Data block START

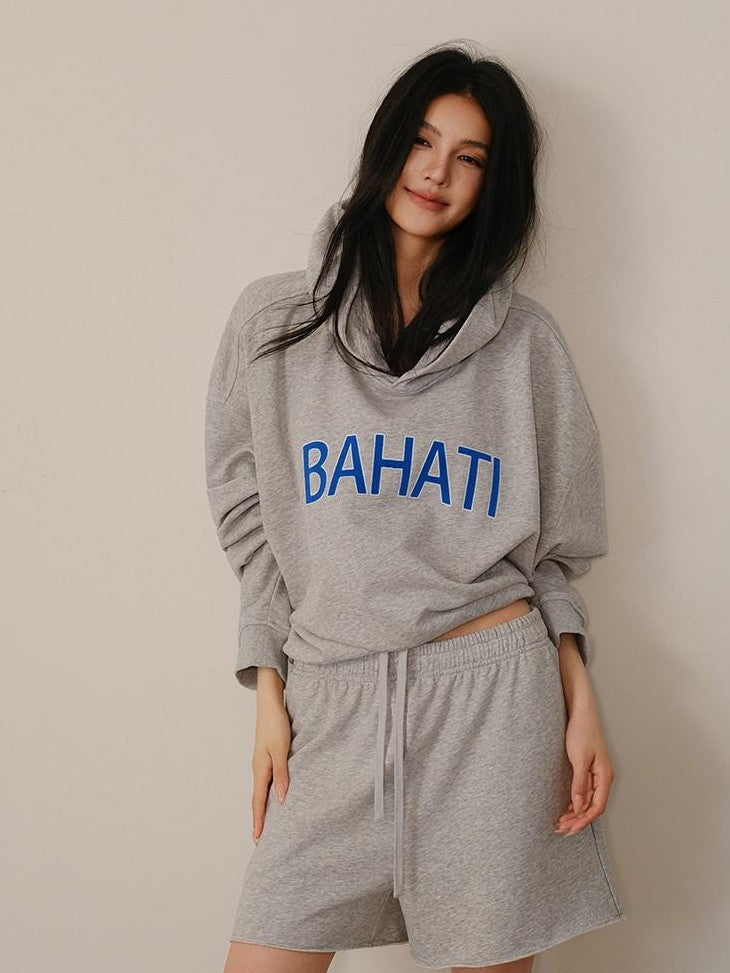 FU FRESH UP Color Block Print Hooded Cropped Long Sleeve Women&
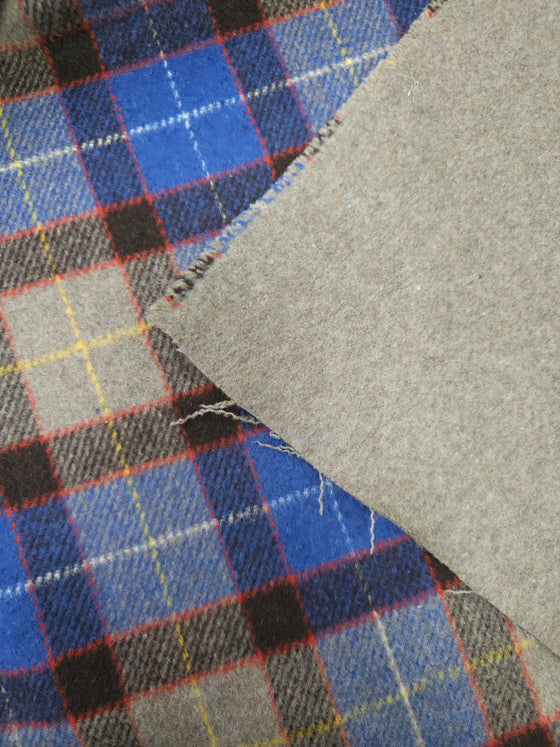 Grey/Blue Tartan Heavyweight Wool Mix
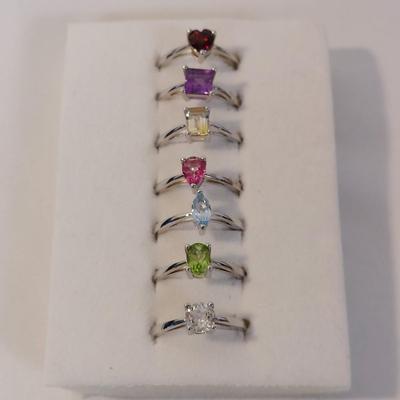 Sterling Silver Stackable Gemstone Rings and More (B4-BBL)
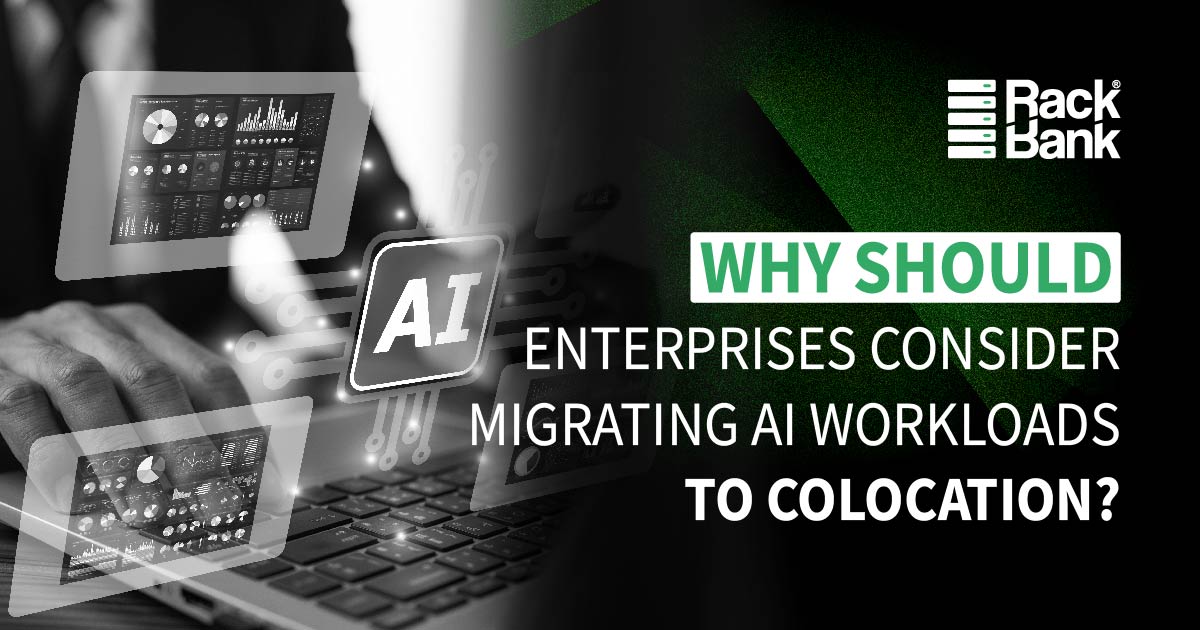 Enterprise server racks in a secure data center environment, representing AI workload migration to colocation for improved performance, scalability, and cost-efficiency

Data block END

Aim of the task: Transcribe everything above exactly. Do not include the pictures.

Task result:
 FU FRESH UP Color Block Print Hooded Cropped Long Sleeve Women&
 Grey/Blue Tartan Heavyweight Wool Mix
 Sterling Silver Stackable Gemstone Rings and More (B4-BBL)
 Enterprise server racks in a secure data center environment, representing AI workload migration to colocation for improved performance, scalability, and cost-efficiency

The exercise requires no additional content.